INTRODUCTION AND STATEMENT OF PROJECT TEAM OBJECTIVES
1.1 Introduction
With the continuing improvement and proliferation of numerical models, as well as communications and visualization software, operational meteorologists will increasingly be making use of detailed output from a number of numerical models such as NGM, ETA, MRF, RUC, RAMS etc. In order to choose the appropriate model for a particular situation as well as use the model output intelligently, it will be important to provide the operational meteorologists with a better understanding of the models available as well as tools for understanding complex model processes.

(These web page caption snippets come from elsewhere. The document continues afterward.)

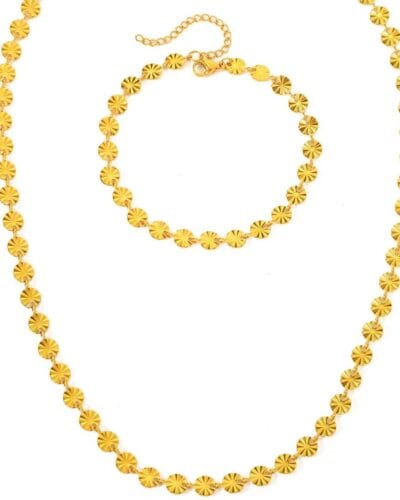 Luxury Flower Stainless steel Chain Set Wholesale 4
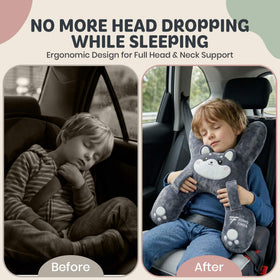 FOMO Finds Milo plush car pillow offers cuddly support during naps.
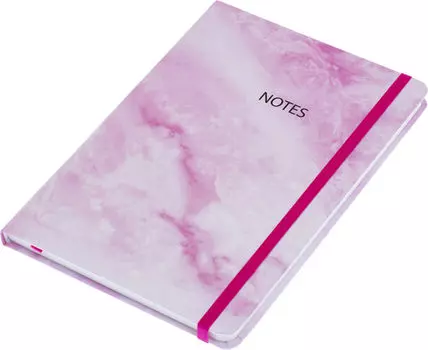 Блокнот на резинке с ляссе А5 80л в ассортименте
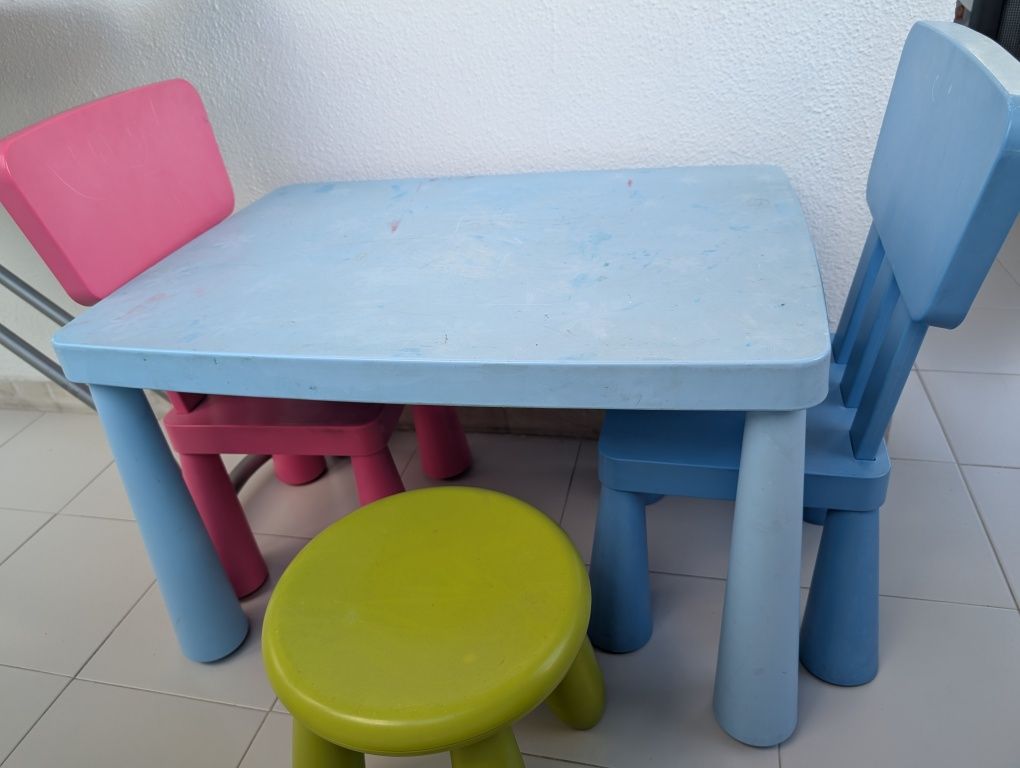 Mesa e cadeiras criança Ikea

The goal of this project was to implement and validate the operational usefulness of a numerical model diagnostic package, DIONYSOS, developed at the Université du Québec à Montréal. This involved 1) modifying DIONYSOS so that it would run on NCEP's meso-ETA model, 2) installing the DIONYSOS along with a visualization software on the Denver office workstation (HP), 3) programming the workstation to automatically access and run the diagnostics, 4) train Eric Thaler, the Denver SOO, in the use of the visualization software, 5) train all the Denver meteorologists in the interpretation of the output of the diagnostics, 6) experiment with the use of the diagnostics operationally, and 7) perform case studies.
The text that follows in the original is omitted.